Oleh: SYAIFUL W. HARAHAP - AIDS Watch Indonesia
Karena informasi HIV/AIDS di awal-awal epidemi selalu dibalut dengan norma, moral
dan agama muncullah mitos (anggapan yang salah) tentang HIV/AIDS. Akibatnya,
banyak orang yang tidak menyadari perilaku seksualnya berisiko tertular dan
menularkan HIV/AIDS.
Salah satu mitos yang berkebang pesat adalah HIV/AIDS
hanya menular melalui pekerja seks komersial (PSK) di lokalisasi pelacuran.

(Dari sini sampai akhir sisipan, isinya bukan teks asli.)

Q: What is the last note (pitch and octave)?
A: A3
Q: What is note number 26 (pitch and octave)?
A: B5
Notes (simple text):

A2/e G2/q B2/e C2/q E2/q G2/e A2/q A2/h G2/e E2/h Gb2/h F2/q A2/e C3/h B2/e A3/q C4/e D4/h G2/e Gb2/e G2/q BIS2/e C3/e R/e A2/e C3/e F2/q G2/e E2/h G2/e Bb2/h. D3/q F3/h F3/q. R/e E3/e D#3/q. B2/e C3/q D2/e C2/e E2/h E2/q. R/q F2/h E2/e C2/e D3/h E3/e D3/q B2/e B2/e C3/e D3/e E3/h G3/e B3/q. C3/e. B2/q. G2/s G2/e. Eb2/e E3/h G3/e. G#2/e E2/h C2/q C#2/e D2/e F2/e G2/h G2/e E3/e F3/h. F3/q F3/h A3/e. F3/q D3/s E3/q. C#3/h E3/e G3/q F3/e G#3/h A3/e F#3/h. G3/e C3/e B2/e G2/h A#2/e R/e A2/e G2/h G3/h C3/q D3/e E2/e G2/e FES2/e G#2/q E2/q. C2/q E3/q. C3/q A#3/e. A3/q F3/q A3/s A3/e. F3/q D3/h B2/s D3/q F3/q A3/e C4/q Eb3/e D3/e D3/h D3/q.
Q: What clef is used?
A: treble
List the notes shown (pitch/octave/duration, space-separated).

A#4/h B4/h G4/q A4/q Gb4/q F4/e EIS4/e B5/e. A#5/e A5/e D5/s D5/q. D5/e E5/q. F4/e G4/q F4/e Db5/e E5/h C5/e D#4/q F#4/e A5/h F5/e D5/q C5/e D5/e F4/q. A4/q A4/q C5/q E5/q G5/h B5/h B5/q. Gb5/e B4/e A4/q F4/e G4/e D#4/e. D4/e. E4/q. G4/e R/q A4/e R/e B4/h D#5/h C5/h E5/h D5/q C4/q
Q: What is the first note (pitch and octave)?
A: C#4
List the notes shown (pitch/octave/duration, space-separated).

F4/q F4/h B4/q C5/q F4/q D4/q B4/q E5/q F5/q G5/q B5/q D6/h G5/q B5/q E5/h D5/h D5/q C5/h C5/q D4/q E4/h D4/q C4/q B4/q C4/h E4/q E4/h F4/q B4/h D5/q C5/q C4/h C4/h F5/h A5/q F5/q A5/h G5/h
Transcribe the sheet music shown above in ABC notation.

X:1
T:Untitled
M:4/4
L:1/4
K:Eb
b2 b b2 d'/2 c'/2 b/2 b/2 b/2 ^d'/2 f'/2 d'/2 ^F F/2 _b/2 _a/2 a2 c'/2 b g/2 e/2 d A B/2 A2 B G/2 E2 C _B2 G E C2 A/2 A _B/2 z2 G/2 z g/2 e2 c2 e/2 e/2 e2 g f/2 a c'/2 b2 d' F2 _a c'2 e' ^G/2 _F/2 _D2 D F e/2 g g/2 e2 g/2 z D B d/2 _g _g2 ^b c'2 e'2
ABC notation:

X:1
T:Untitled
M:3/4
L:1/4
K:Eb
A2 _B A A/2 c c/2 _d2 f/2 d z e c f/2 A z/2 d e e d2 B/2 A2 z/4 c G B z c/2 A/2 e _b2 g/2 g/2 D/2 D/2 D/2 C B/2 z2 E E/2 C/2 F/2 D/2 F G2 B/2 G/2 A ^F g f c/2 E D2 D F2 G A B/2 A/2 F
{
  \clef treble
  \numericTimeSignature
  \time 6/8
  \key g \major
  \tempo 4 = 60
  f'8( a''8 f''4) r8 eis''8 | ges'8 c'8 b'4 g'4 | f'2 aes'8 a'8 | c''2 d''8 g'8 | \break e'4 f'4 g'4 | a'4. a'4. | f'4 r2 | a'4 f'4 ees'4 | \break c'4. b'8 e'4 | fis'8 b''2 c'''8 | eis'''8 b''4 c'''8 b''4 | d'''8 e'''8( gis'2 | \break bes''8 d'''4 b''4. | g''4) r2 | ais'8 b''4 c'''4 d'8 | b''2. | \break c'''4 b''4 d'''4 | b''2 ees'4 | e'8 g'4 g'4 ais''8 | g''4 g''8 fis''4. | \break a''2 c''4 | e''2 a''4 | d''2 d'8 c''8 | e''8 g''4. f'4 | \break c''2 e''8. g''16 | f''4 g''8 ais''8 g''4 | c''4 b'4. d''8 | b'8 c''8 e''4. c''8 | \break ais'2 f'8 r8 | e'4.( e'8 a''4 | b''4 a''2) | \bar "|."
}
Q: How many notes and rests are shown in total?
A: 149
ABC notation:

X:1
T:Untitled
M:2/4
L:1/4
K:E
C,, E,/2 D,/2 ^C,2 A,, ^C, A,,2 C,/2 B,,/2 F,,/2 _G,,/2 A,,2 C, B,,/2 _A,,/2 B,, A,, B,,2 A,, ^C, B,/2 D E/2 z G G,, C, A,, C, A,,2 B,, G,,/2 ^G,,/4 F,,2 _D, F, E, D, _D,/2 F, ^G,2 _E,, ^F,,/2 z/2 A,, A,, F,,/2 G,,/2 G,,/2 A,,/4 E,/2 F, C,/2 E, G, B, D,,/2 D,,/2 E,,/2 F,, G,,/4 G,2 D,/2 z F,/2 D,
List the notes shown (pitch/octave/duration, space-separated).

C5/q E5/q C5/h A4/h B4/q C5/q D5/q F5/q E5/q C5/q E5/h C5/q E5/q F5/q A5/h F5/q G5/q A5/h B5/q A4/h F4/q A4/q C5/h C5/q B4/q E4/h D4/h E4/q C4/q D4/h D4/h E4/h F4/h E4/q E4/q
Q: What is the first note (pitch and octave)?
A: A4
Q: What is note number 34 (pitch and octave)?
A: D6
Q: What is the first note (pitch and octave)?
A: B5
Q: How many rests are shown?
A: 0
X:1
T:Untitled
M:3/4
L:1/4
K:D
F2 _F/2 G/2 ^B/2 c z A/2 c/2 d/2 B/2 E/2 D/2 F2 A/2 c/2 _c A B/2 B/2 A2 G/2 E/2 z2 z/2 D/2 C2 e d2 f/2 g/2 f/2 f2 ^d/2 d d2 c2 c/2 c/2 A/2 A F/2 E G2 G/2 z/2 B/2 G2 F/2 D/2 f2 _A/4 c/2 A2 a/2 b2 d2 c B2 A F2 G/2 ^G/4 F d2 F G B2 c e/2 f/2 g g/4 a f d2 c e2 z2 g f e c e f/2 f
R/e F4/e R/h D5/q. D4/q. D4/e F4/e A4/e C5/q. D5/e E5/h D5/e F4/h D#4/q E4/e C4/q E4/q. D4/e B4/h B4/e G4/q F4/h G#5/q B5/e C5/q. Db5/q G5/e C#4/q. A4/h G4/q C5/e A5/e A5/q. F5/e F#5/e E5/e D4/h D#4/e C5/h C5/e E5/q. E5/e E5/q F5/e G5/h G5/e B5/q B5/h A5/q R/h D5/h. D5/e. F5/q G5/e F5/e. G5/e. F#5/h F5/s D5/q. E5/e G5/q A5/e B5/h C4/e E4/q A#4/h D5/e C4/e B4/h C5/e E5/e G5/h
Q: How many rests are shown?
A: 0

Maka, laki-laki yang tidak ngeseks dengan PSK di
lokalisasi pelacuran tidak menyadari perilakunya tsb. berisko tertular HIV
karena cewek-cewek atau perempuan yang bekerja seperti PSK tetap saja risikonya
sama dengan PSK yang melayani laki-laki di lokasi atau lokalisasi pelacuran.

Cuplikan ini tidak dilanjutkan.